By Jane Harrison, Project Archivist: Beth Chatto Archives

In a project funded by by Archives Revealed, funded by The National Archives, The Pilgrim Trust and The Wolfson Foundation, Jane Harrison has been cataloguing the archive of Beth Chatto deposited at the Museum and sharing her discoveries. Here she shares the photographs and drawings which tell the story of how Beth became the country’s leading advocate of ecological gardening:

Beth Chatto’s Gravel Garden is internationally known and has inspired many similar gardens but originally it was something of an experiment in horticulture for her: taking the poor soil and relatively extreme conditions of the area as an opportunity to create a garden of drought tolerant plants. However, it was not created in isolation. Beth had been planting her gardens using her knowledge of plant habitats for decades, with planting based on ecological principles, and design based around her long experience of arranging flowers and plants.  

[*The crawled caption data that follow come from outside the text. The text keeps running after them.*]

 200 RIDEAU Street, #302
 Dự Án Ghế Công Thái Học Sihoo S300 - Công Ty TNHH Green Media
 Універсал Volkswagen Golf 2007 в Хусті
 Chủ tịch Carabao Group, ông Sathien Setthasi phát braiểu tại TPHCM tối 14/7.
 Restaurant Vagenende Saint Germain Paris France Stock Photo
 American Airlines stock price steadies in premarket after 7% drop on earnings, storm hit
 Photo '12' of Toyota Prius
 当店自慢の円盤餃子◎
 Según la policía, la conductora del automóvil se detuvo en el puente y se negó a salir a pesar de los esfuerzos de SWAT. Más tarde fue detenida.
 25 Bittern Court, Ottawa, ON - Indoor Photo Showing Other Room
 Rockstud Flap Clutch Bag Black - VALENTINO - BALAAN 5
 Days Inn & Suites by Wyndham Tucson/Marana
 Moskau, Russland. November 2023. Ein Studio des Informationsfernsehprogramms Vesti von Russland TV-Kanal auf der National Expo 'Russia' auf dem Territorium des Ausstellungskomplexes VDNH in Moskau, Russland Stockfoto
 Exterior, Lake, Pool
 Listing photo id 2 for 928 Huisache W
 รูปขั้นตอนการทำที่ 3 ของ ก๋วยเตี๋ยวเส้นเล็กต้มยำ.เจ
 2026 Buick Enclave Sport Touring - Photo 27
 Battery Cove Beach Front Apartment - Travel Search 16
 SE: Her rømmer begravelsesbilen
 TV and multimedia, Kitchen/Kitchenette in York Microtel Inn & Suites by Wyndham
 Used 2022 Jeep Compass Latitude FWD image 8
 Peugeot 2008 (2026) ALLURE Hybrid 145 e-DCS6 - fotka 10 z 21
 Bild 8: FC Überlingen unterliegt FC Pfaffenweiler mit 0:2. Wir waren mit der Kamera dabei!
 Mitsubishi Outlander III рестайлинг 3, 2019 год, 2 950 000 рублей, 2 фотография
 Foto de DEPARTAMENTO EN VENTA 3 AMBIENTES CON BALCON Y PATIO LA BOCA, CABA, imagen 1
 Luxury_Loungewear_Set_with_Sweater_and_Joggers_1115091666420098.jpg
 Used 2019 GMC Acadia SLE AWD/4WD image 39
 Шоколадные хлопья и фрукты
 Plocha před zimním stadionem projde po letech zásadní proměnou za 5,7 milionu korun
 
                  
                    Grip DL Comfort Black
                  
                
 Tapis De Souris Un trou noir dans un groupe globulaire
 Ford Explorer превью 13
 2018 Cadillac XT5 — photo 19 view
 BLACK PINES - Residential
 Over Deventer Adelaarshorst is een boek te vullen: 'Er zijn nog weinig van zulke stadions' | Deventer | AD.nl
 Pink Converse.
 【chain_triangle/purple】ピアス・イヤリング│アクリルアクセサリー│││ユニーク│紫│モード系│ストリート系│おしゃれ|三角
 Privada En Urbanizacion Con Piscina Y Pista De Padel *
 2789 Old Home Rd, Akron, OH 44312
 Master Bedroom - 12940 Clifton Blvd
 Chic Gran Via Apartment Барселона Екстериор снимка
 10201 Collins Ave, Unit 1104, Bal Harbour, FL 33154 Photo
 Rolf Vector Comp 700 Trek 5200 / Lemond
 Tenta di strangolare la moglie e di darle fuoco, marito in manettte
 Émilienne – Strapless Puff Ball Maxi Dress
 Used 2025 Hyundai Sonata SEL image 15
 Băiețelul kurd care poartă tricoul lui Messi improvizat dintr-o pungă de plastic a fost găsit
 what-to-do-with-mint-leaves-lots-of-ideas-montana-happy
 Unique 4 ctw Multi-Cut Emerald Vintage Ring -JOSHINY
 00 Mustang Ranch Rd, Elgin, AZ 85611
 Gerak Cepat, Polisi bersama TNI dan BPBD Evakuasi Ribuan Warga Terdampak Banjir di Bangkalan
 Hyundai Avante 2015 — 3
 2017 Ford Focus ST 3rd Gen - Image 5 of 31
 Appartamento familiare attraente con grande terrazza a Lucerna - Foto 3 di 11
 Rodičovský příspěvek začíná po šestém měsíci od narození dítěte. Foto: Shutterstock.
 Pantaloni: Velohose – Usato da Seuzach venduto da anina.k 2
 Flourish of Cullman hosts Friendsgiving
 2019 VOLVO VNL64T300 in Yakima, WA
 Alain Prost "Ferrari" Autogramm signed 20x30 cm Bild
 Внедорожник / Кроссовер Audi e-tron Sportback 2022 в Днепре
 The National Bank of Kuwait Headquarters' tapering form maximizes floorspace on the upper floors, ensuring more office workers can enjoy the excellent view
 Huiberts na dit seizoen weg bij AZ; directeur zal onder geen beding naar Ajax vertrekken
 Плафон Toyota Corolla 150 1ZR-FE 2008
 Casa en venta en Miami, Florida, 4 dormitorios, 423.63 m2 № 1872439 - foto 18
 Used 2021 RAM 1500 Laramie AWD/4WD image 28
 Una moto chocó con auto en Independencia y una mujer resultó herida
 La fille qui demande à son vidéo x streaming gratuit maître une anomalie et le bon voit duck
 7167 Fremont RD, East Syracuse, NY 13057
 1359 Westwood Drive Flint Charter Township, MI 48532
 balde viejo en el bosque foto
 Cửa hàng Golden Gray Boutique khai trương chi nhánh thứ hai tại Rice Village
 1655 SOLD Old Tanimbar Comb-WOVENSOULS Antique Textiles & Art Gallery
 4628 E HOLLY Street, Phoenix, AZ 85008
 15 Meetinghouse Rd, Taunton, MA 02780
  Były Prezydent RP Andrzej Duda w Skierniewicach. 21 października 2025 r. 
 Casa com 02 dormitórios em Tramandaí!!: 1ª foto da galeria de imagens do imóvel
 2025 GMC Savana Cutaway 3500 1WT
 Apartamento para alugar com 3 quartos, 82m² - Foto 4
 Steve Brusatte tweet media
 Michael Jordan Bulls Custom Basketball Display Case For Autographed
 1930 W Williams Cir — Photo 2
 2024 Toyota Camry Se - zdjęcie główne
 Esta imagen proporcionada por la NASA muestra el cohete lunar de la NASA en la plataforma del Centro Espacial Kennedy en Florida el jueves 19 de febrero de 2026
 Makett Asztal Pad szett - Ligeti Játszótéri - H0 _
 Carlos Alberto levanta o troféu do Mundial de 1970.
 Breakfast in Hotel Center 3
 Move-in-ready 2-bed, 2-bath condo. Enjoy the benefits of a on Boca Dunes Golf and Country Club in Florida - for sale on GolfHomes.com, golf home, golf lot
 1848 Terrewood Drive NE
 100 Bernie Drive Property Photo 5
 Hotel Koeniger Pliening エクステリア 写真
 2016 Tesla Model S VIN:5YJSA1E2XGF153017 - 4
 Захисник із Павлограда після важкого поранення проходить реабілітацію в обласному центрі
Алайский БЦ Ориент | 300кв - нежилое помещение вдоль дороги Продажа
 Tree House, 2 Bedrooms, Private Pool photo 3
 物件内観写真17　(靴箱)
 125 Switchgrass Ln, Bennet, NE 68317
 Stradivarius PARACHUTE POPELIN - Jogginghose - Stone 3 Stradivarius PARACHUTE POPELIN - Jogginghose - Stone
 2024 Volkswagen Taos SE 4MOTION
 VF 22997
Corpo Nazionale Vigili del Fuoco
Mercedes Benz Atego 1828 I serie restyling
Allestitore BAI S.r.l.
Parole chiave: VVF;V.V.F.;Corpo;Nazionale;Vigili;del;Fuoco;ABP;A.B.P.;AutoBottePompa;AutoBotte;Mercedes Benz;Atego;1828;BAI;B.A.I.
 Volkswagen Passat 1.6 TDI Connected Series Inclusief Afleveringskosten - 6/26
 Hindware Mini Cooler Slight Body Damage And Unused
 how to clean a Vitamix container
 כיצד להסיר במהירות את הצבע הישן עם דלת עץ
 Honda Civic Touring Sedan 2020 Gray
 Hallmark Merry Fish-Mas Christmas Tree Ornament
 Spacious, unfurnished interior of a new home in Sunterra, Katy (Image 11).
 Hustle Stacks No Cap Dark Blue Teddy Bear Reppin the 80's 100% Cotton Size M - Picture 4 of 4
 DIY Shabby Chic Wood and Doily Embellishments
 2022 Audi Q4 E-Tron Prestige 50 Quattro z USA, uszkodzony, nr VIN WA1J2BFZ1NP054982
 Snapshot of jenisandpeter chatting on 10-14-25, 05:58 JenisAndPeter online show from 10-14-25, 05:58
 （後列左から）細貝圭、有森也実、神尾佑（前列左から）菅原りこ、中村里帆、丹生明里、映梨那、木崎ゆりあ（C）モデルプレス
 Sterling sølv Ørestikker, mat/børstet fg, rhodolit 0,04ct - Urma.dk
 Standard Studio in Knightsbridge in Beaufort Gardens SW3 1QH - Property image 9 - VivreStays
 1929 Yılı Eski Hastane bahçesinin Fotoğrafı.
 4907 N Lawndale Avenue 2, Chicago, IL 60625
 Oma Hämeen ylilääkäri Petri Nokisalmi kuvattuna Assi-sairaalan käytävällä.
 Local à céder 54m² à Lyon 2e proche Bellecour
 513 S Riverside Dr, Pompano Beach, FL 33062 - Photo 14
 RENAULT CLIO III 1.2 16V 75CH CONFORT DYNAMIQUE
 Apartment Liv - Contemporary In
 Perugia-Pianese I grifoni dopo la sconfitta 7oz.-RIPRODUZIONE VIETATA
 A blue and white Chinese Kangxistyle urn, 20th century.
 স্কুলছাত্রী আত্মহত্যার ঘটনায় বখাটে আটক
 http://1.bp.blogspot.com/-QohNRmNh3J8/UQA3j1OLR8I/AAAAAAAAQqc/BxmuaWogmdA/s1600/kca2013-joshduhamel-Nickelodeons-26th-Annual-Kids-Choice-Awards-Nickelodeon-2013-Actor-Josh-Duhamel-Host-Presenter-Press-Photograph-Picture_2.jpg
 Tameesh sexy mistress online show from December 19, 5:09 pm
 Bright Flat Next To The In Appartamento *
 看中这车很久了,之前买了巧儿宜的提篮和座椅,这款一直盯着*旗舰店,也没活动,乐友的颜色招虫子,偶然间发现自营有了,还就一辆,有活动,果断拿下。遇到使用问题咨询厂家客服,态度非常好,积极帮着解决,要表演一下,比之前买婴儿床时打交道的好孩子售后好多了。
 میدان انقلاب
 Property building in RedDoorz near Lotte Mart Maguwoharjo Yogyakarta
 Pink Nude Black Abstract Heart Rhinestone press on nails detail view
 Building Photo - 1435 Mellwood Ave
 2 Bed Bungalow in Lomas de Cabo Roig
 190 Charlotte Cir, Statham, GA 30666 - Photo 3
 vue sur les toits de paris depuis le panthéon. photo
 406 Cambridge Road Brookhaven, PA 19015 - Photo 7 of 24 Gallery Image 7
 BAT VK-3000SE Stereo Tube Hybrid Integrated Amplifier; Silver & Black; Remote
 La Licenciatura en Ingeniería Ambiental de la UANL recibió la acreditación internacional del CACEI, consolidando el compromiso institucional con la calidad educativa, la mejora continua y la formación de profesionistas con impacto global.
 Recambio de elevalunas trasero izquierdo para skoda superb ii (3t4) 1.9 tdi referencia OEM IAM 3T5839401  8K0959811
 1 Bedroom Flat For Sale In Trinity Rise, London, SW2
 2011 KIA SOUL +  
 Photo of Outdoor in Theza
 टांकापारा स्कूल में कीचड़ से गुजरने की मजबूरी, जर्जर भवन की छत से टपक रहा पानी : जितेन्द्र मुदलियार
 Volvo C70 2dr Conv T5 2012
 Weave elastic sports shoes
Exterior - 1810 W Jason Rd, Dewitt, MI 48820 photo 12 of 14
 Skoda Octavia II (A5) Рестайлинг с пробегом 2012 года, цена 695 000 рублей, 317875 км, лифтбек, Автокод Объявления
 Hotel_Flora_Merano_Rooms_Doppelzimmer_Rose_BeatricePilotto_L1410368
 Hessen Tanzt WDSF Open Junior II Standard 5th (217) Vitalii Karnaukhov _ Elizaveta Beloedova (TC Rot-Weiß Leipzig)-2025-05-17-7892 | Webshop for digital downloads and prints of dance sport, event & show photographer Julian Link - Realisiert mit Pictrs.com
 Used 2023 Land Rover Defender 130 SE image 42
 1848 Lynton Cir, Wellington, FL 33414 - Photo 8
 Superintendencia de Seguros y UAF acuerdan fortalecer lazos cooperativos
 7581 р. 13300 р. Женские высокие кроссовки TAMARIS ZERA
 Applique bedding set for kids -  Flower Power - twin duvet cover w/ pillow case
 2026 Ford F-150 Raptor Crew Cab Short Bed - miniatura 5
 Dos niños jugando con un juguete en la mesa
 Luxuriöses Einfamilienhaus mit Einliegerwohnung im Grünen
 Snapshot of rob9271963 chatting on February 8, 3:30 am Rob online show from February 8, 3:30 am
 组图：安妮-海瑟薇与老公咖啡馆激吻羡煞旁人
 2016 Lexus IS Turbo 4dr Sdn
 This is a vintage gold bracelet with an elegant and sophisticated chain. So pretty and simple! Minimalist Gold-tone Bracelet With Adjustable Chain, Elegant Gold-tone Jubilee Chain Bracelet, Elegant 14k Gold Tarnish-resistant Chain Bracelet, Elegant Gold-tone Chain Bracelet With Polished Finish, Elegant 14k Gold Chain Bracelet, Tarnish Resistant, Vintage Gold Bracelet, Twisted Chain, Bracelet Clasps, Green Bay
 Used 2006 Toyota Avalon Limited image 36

Photo of the family dog sitting on the garden path with note on the back by Beth: “Great Chesterford – Essex, about 1934. The garden of my childhood where I had a little corner of my own. Observe the well head! There was no running water – we let down the bucket on a chain.”

While Beth inherited her parent’s love of gardening and was cultivating her own small patch garden from an early age, she credited her friendship with her future husband Andrew Chatto with opening her eyes to the idea that plants in the garden would have natural habitats in which they thrive.  

An early example of this interest can be found in Beth’s major college project, a botanical survey of plants in salt marshes of the Colne estuary. Beth had noticed that there were different types of plants in certain areas depending on whether the water was saltier or fresher and asked for Andrew’s help to devise and carry out the project. They identified several sites and marked out a series of quadrats, working from the mouth of the river where the water was saltiest and taking note of location, climate, exposure and soils before carefully recording the plants that were present. The project took them two years to complete but the result confirmed Beth’s theory about plant associations in the estuary.

A page from Beth’s notebook, showing one of the quadrats she used for her project. While the diagram is very concise and easily understood (even upside down) while the notes around it are more descriptive, showing a similar style to her later writing. For example on the right of the page Beth observes ‘The whole meadow is starred with the white Cochlearia flowers, the first plant to be in full blossom of the new year’. This notebook is still held by the Chatto family.

The couple married in 1943 and settled into married life at Andrew’s parents’ house ‘Weston’ in Colchester. The gardens  were quite formal and rather traditional, apart from a rockery and wild garden which Andrew had developed himself. Over time Beth began to take over the gardens, firstly the vegetable plot and later the rest, replacing traditional garden flowers with grey foliage which Andrew recommended as better for the location.  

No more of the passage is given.